Your objective: Reproduce the entries that follow precisely, setting aside any images.

### Provided material

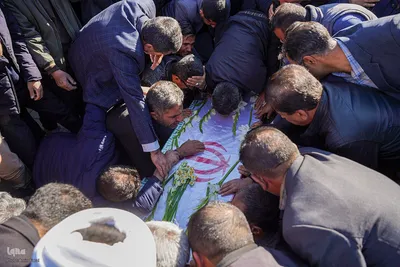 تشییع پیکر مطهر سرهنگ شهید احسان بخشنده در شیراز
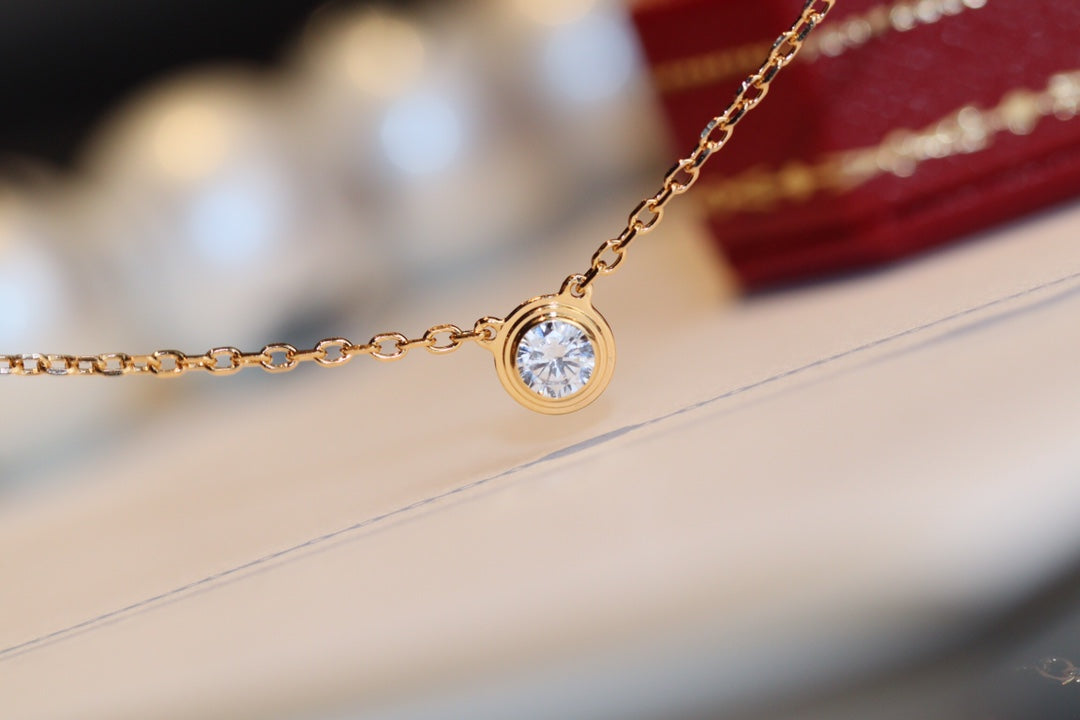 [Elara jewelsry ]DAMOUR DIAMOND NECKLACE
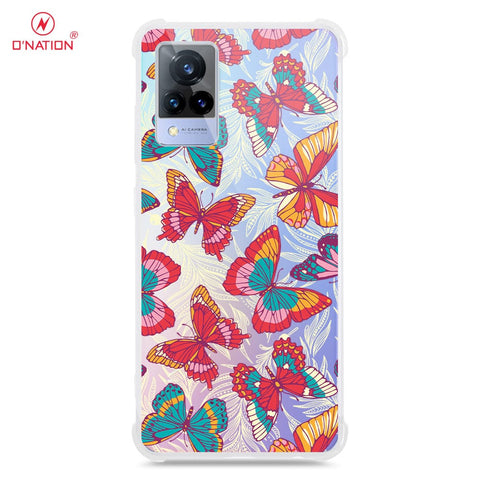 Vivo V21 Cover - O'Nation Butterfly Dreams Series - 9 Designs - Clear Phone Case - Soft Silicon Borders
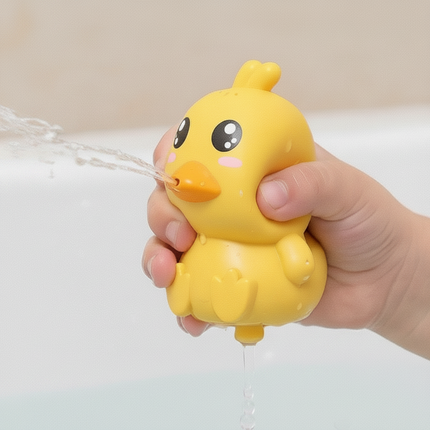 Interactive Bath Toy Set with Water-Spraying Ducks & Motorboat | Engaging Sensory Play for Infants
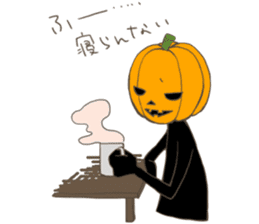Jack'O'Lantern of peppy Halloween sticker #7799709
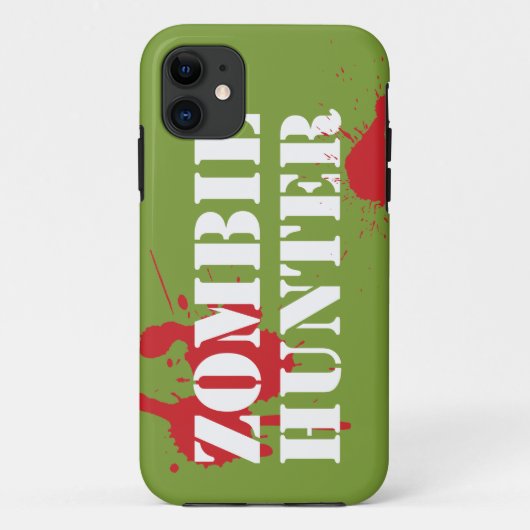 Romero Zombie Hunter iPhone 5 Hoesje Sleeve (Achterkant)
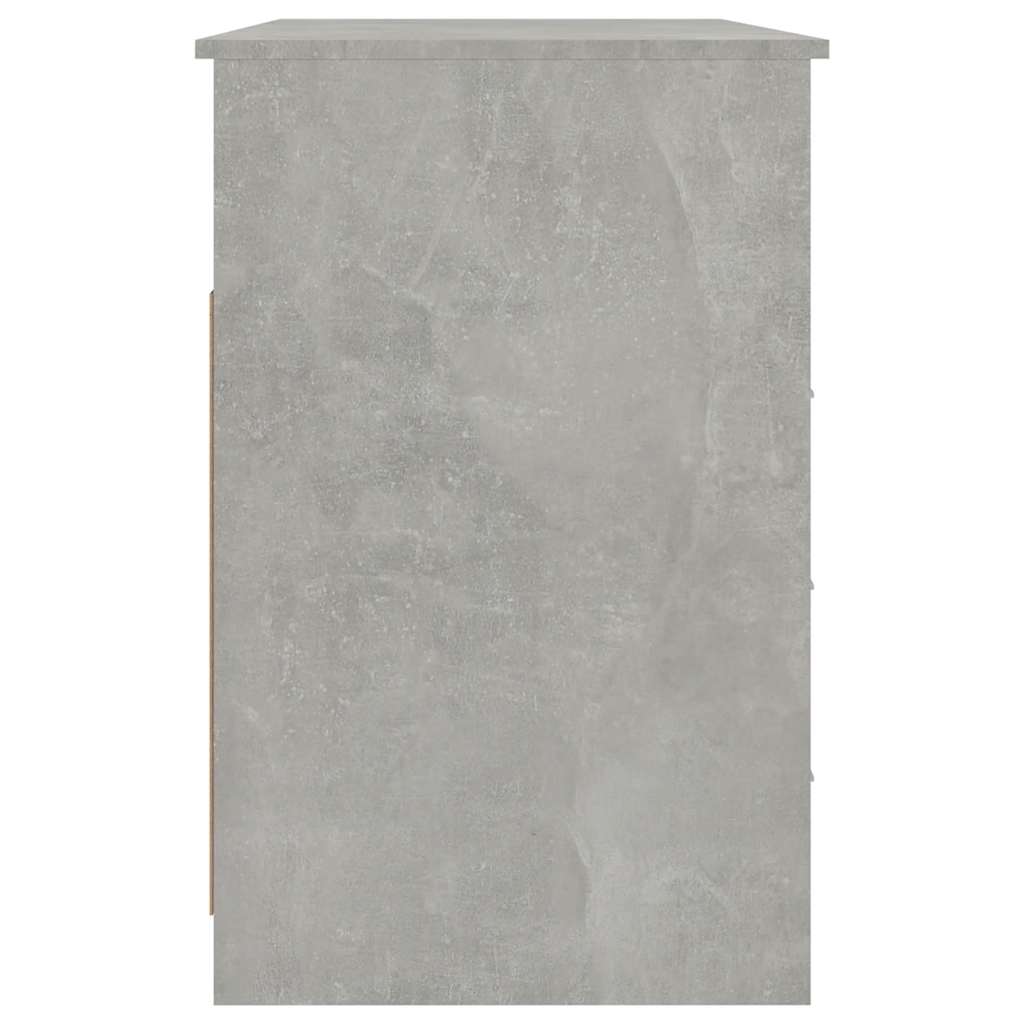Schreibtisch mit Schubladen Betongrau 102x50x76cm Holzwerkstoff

######

Solved exercise:
 تشییع پیکر مطهر سرهنگ شهید احسان بخشنده در شیراز
 [Elara jewelsry ]DAMOUR DIAMOND NECKLACE
 Vivo V21 Cover - O'Nation Butterfly Dreams Series - 9 Designs - Clear Phone Case - Soft Silicon Borders
 Interactive Bath Toy Set with Water-Spraying Ducks & Motorboat | Engaging Sensory Play for Infants
Jack'O'Lantern of peppy Halloween sticker #7799709
 Romero Zombie Hunter iPhone 5 Hoesje Sleeve (Achterkant)
Schreibtisch mit Schubladen Betongrau 102x50x76cm Holzwerkstoff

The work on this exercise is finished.